The Japanese are regarded worldwide as among the most hardworking people across the globe. They are known for their professionalism and dedication to their job. Last month, with the initiative of Microsoft Japan, they started to cut off the number of work days in a week to four and minimize as much as possible the conduct of meetings after office hours. These new work practices are aimed to promote work life balance and eventually boost work productivity among Japanese employees and workers.

 

Photo credit to: https://www.japantimes.co.jp

Recently, Aisin Seiki Co., a part of the well known Toyota group car parts manufacturer has also shown support over the said changes and work style reform started by Microsoft.

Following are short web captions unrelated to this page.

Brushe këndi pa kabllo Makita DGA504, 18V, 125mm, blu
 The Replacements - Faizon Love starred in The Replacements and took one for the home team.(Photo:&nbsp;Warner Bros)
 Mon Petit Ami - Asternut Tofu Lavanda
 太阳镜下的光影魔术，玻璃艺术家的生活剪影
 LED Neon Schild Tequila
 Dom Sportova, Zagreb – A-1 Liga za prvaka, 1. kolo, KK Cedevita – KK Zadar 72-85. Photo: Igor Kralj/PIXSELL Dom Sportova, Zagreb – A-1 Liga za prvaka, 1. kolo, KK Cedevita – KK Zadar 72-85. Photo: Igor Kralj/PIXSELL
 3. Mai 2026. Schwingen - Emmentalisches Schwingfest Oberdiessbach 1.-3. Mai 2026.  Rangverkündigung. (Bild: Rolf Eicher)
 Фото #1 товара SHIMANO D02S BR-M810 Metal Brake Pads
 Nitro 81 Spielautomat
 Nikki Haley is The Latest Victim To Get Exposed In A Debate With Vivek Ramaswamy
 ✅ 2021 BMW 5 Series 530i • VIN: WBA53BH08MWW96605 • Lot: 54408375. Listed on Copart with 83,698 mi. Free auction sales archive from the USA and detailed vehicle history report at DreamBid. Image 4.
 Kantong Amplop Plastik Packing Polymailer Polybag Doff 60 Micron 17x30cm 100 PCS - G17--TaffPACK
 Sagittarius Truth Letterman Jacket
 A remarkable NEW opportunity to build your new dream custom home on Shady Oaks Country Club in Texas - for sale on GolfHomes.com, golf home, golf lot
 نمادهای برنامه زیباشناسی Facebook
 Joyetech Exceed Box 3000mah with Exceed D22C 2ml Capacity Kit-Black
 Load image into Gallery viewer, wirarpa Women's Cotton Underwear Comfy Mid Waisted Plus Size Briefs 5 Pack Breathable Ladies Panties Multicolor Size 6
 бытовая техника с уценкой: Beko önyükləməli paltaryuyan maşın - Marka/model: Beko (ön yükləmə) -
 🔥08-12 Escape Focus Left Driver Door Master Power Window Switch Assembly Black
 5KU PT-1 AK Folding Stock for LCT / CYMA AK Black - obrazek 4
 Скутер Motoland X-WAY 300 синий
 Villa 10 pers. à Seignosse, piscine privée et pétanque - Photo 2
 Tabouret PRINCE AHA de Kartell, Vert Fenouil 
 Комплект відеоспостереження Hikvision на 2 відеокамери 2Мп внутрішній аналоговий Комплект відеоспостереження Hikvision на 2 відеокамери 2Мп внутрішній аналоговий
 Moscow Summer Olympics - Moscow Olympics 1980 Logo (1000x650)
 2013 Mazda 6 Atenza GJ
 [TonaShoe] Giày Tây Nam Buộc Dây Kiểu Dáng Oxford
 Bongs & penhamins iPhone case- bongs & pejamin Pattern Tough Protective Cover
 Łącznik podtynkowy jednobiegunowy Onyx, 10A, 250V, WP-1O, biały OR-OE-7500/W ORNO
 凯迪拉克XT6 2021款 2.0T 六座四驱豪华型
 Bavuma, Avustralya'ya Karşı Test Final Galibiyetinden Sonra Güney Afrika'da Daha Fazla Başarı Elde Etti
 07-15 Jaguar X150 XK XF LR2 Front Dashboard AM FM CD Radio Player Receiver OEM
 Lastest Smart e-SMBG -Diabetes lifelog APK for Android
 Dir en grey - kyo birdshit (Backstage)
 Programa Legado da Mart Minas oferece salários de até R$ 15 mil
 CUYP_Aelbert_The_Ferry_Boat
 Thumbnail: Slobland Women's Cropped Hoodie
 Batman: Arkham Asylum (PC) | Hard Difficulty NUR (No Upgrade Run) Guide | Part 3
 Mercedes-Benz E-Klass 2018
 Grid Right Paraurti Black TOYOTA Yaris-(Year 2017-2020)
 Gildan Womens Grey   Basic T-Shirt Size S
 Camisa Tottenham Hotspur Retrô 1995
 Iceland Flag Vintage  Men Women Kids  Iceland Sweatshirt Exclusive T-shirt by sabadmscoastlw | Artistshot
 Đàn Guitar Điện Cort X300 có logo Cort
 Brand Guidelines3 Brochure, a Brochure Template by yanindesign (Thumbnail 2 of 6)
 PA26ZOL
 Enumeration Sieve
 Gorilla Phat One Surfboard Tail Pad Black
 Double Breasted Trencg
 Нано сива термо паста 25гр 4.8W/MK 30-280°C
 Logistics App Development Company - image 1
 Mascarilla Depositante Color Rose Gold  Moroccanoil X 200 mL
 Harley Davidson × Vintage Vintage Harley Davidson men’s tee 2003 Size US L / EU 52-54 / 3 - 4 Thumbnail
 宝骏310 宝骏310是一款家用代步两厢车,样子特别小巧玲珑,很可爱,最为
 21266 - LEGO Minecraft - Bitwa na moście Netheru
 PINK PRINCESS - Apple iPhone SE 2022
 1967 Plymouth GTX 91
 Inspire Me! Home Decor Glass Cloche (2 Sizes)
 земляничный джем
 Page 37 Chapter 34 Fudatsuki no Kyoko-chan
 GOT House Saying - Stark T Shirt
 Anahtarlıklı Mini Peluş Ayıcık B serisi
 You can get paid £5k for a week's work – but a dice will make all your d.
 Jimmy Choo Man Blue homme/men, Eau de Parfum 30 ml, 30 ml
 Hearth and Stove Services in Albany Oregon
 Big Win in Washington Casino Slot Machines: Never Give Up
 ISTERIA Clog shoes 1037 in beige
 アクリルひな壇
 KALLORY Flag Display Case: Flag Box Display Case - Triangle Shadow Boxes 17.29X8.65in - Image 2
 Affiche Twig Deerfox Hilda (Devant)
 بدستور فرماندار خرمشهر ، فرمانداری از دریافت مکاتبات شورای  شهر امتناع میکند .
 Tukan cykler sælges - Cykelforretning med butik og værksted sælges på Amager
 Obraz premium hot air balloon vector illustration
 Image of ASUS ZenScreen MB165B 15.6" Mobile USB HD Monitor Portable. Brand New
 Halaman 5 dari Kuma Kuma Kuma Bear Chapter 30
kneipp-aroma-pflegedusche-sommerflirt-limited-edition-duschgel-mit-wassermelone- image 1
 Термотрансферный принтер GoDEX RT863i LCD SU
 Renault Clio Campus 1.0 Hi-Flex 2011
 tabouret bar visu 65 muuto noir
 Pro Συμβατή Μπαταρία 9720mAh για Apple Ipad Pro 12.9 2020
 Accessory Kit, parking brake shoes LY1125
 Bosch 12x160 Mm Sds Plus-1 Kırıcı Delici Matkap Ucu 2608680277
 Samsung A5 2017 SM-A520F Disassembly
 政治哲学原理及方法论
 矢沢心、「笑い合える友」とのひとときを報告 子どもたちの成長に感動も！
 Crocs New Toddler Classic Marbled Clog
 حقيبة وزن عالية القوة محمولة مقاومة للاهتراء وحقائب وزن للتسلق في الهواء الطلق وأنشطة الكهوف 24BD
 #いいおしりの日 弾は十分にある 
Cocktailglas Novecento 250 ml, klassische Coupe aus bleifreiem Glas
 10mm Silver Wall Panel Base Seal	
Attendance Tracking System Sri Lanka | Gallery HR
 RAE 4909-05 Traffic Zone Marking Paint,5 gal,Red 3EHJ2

The car company which is based in Kariya, Aichi Prefecture announced its plan to abolish some strict dress codes as well as low priority meetings so as to allow their employees more independence and freedom to come up with their own style and ideas.

 

Instead of conducting meetings with regard to topics that are not really that urgent for the operations of their business, the firm asked three hundred of their employees to simply send emails to their officemates at the start and end of the day to report about their schedule. In addition, the company encourages the workers from each committee to share some insights about their private lives to promote open communication in the workplace.

 

According to Tomohisa Murase, the human resources head of Aisin Seiki Co., “It doesn’t have to be much. But if they can share among their team members something to talk about, then it might strike up further conversation and make it easier for them to consult on issues related to work, too.”

 

Furthermore, the company preferred teleconferences with their employees rather than asking them to personally attend low priority meetings as one of the steps to increase their job satisfaction.

 

Reference: Toyota group member Aisin Seiki cuts low-priority meetings, reducing work hours as a result

COMMENTS

Leave a Reply

Your email address will not be published. Required fields are marked *

Want to know the latest news and openings in Japan.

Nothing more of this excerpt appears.